Robert: Ha! Back in ’65 when I was heading a detachment up in Reliance, wasn’t much of a detachment really, just me and Delbert Foxworth, well, Norbert Weatherway got in the sauce. Went on a tear. I sent Foxworth out to bring Norbert Weatherway in. he came back empty handed. A couple days later I found out Weatherway was married to Foxworth’s half sister, Etta.
Fraser: I don’t mean to interrupt but does this story have a moral?
Robert: Oh yeah. Sometimes ya have to do it yourself. That’s the moral.

Fraser: Francesca.
Frannie: Hi Fraser. Mistletoe.
Fraser: So it is. Right. Right. [deer in headlight look just before he runs off. Dad kisses her on cheek, she brushes cheek with hand, like maybe a spider web tickled her.

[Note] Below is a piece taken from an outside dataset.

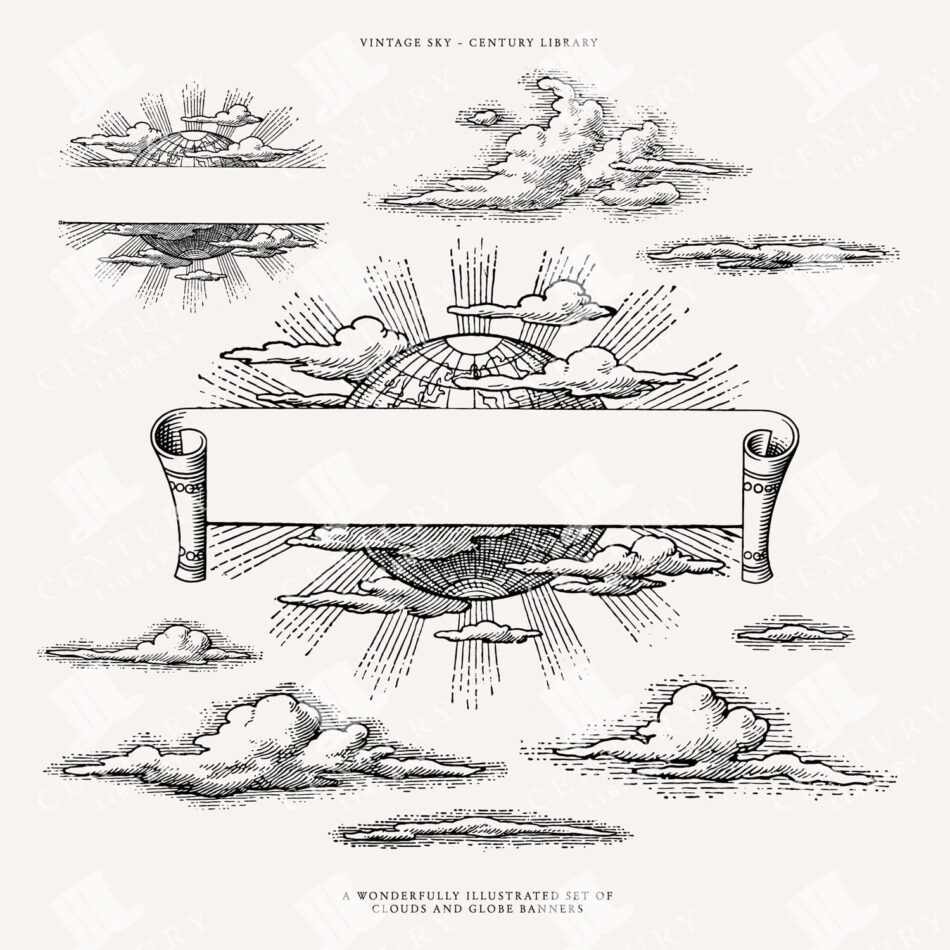Globe And Clouds Vector Lineart Illustrations - Vintage World And Cloud Clip Art - Png, Svg, And Eps Vector Formats Included!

Warfield: Ya got brass ones, I’ll give you that.
Fraser: Oh yes. Yes I do. They take a lot of work to keep polished.
Warfield: I hear the charges against me have been dropped again.
Fraser: I anticipated that.
Warfield: Good. You come to apologize?
Fraser: No sir. I came to ask you to reconsider your confession.
Warfield: I had a guy like you work for me once. Bruno Heltz. Big Dutch guy. He got drunk one night. Stood on the track, tried to star down the 3:10 to Skokie. They had to pick him up with a shovel.
Fraser: Sir you hurt an innocent man. I can’t let that go. So I will continue to gather evidence. In the meantime, it’s come to my attention that you engaged in a variety of activities that may not flourish with an officer of the law present.
Warfield: Is that a threat?
Fraser: No, merely stating the obvious.
Warfield: Well let me suggest something even more obvious. One good whack in the head with a hammer, you ain’t dead. There’ll be days when you wish you were.
Fraser: Oh. Would that be a ballpeen or a claw hammer? Sir. [said to tick him off and it does]
Warfield: That would be a big hammer.
Fraser: I see.

[knocking]
Warfield: Come in. what?
Thug: Eddie just called from his car. He wants to meet somewhere else.
Warfield: What, somewhere else? We got to have a sit-down me and Eddie. Where else we gonna do it?
Thug: Eddie won’t come inside with that Mountie out front.
[Warfield makes a noise like a grrrr and sigh mixed]

[outside, walking]
Eddie: I want to freeze my big ones Willie I go to the Bears game.
Warfield: I could use the fresh air. I been cooped up all day.
Eddie: You been picked up by cops, you been downtown a couple times.
Warfield: Nothing to worry about.
Eddie: A couple of times don’t sound like nothing to me. The boys are wondering what’s gong on.
Warfield: Boys can mind their own business. That ain’t what we got to talk about. What we got to talk about is Vinnie the Hole. Ever since he started running the east side our takes down 30%.
Eddie: I got no problem with Vinnie. What I got a problem with is that funny looking cop that’s been hassling you.
Warfield: He’s nothing. He’s a joke.
Eddie: I better start laughing. [get in car] Let’s get out of here.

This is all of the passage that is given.